Following the introduction of gender quotas, a record 35 seats were filled by women, bringing the proportion of women in the Dáil to 22 percent, up from 15 percent after the previous general election.

Background

The outgoing government was a Fine Gael–Labour Party coalition led by Taoiseach Enda Kenny and Tánaiste Joan Burton. Fianna Fáil, Sinn Féin, Anti-Austerity Alliance–People Before Profit, Renua Ireland, Social Democrats, Workers and Unemployed Action, and independent non-party TDs formed the opposition in the Dáil.
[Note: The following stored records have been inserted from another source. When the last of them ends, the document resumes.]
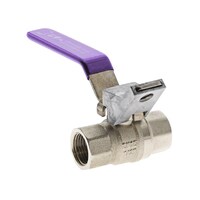 15mm Lilac Watermarked Ball Valve Lever Handle Lockable FI X FI 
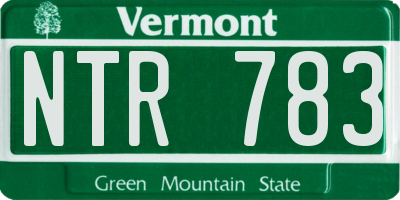 VT license plate NTR783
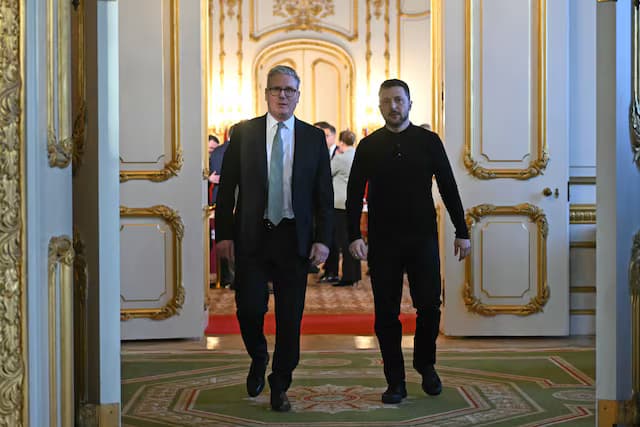 Keir Starmer Volodymyr Zelensky
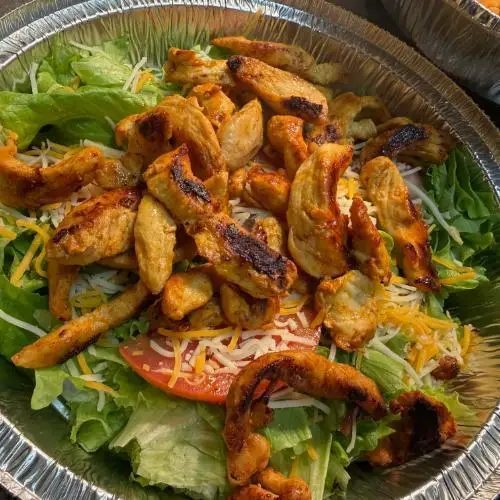 Grilled Chicken Salad at Carmen's Diner in Bremen, IN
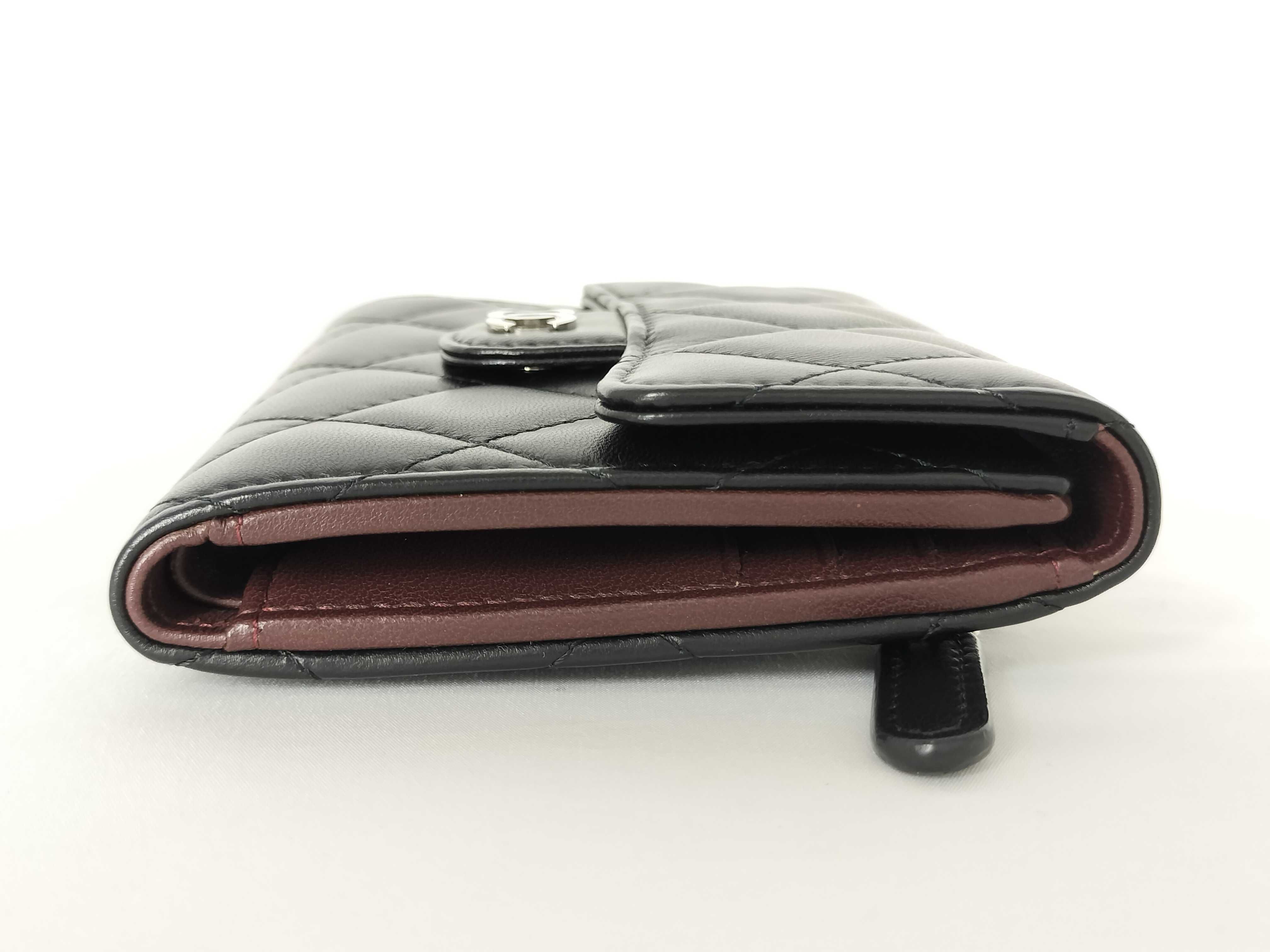 Lambskin Tri-fold Wallet — view 15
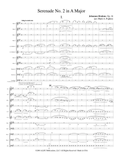 Brahms, Johannes % Serenade No. 2 in A, op; 16 (Popkin) (score & parts) - DBLWW5/CBSN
The government was formed on 9 March 2011, the first day of the 31st Dáil elected on 25 February 2011.
Whereas the Constitution gives the Taoiseach authority to dissolve the Dáil, under electoral law the precise date of polling is specified by the Minister for the Environment, who was Alan Kelly of Labour. Electoral law required the 31st Dáil to be dissolved by 9 March 2016. Kenny rejected predictions in October 2015 that he would call an election in November to capitalise on rising Fine Gael support. In January 2016, media reported that Fine Gael and Labour respectively favoured Thursday 25 and Friday 26 February 2016 as the election date; Friday would facilitate voting by students registered to vote at their family home.
After a cabinet meeting on 2 February, Kenny announced that he would be seeking a dissolution the following day. At 09:30 on 3 February he formally told the Dáil this, and that the new Dáil would meet on 10 March; the Dáil was adjourned without statements from the opposition. At 09:58 while Kenny was en route to Áras an Uachtaráin to meet the President, the election date of 26 February was confirmed from his Twitter account. At 10:35 the President issued the proclamation dissolving the Dáil. Later that day, Minister Kelly signed the order setting the polling day. The writs of election are issued by the clerk of the Dáil.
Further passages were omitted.